Exercise materials:
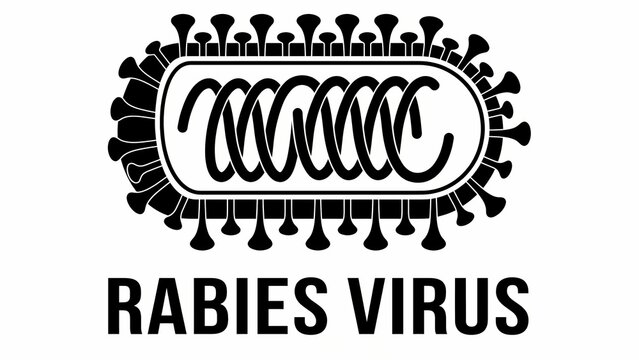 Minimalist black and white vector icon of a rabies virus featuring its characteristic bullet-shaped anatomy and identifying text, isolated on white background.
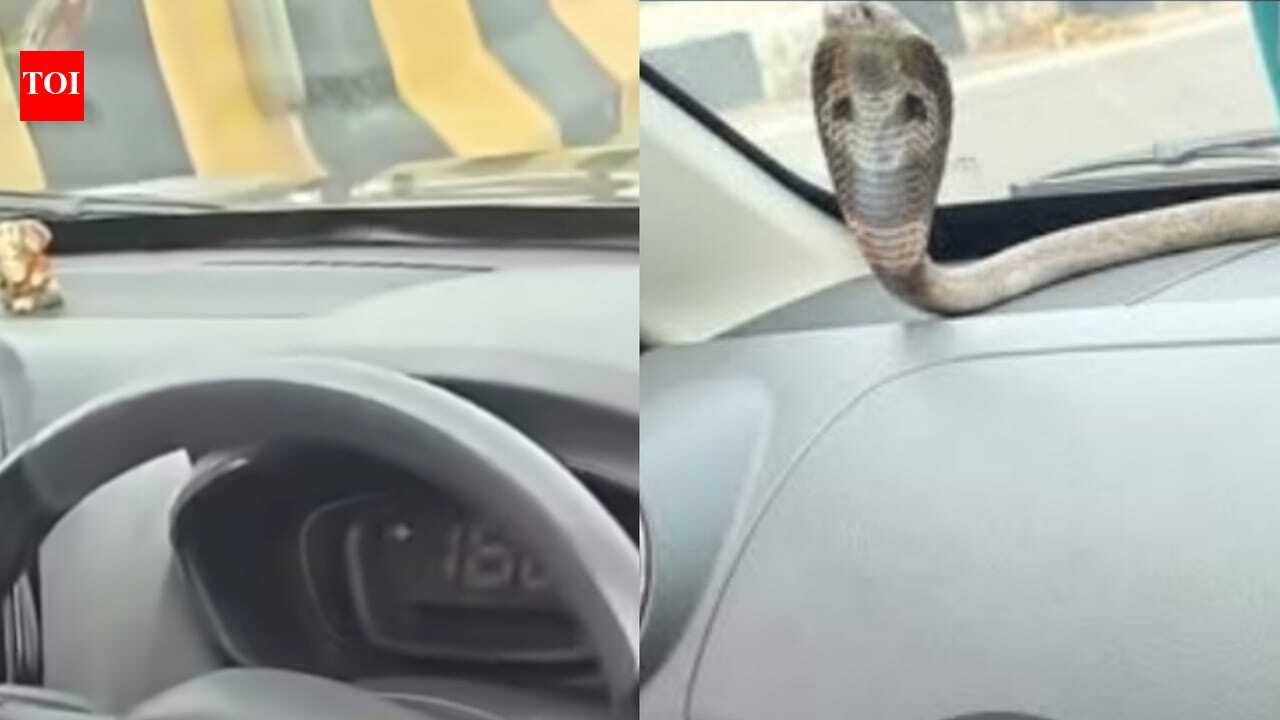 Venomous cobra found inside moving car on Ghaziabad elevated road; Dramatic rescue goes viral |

---

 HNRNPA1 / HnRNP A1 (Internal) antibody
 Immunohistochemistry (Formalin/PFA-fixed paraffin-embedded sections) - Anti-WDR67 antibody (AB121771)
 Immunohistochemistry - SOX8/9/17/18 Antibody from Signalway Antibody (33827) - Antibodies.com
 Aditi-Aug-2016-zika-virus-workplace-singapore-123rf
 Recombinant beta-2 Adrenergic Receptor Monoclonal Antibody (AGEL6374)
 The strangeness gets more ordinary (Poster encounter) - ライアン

Work to complete: Copy only the lines above from the one containing "Minimalist black and" through the one containing "Venomous cobra found", both included. Leave out the pictures.

Solution:
 Minimalist black and white vector icon of a rabies virus featuring its characteristic bullet-shaped anatomy and identifying text, isolated on white background.
 Venomous cobra found inside moving car on Ghaziabad elevated road; Dramatic rescue goes viral |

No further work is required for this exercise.